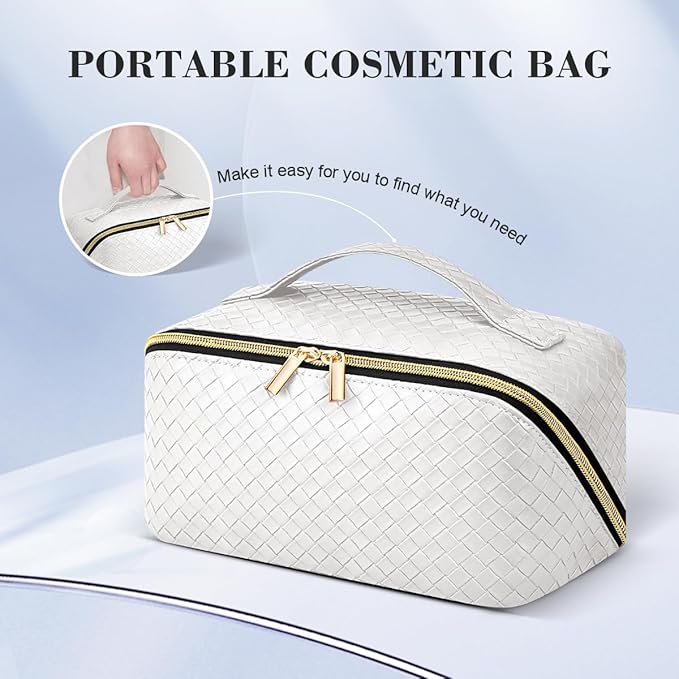 Personalized Initial Makeup Bag,Christmas Gifts for Girl,Preppy Bag Cosmetic Travel Bag Women,Travel Toiletry Organizer,Large Capacity Corduroy Stuff Bag,Cute Cosmetic Pouch Skincare Bag-LEO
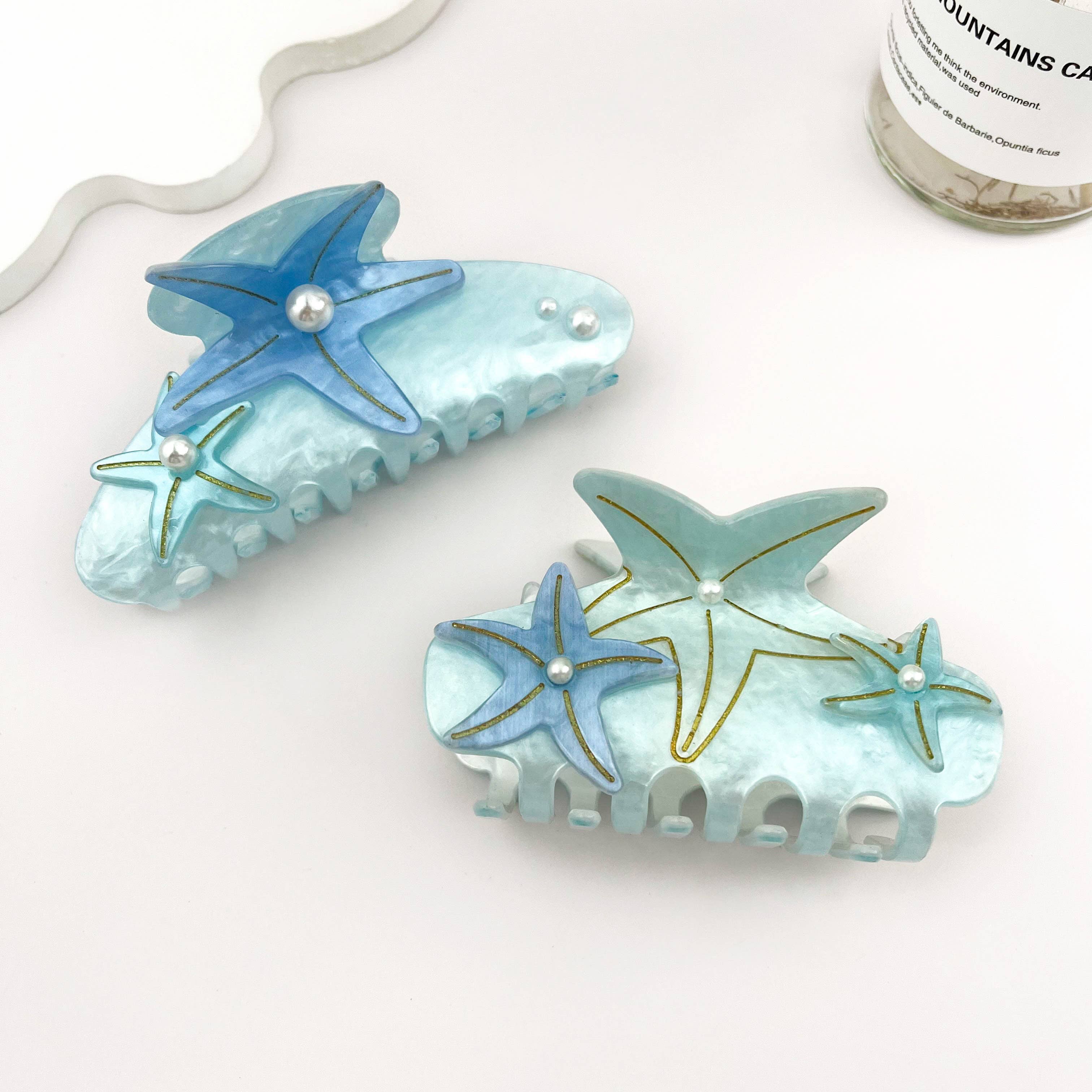 Iridescent Pearl Starfish Hair Claw Clip – Ocean Fantasy: Purple / Small
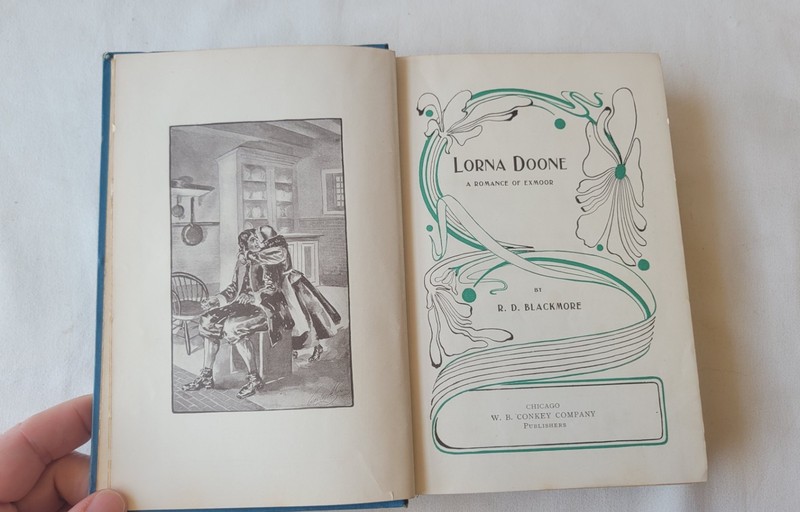 Lorna Doone by W.B. Conkey Art Nouveau Blue Gold Gift Edition Antique 1900 gallery
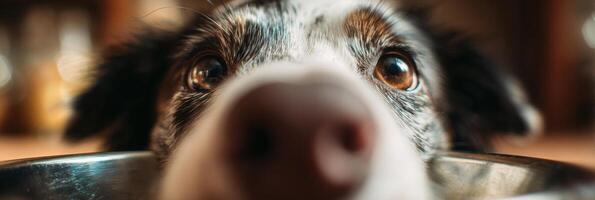 Zoomed-in Dog Snout Eagerly Reaching Food Bowl With Blurred Background Highlighting Pets Expression and Excitement photo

**YOUR GOAL:** Could you reproduce the listing above exactly and drop every picture?

**ANSWER FOR THE TASK:**
 Personalized Initial Makeup Bag,Christmas Gifts for Girl,Preppy Bag Cosmetic Travel Bag Women,Travel Toiletry Organizer,Large Capacity Corduroy Stuff Bag,Cute Cosmetic Pouch Skincare Bag-LEO
 Iridescent Pearl Starfish Hair Claw Clip – Ocean Fantasy: Purple / Small
 Lorna Doone by W.B. Conkey Art Nouveau Blue Gold Gift Edition Antique 1900 gallery
 Zoomed-in Dog Snout Eagerly Reaching Food Bowl With Blurred Background Highlighting Pets Expression and Excitement photo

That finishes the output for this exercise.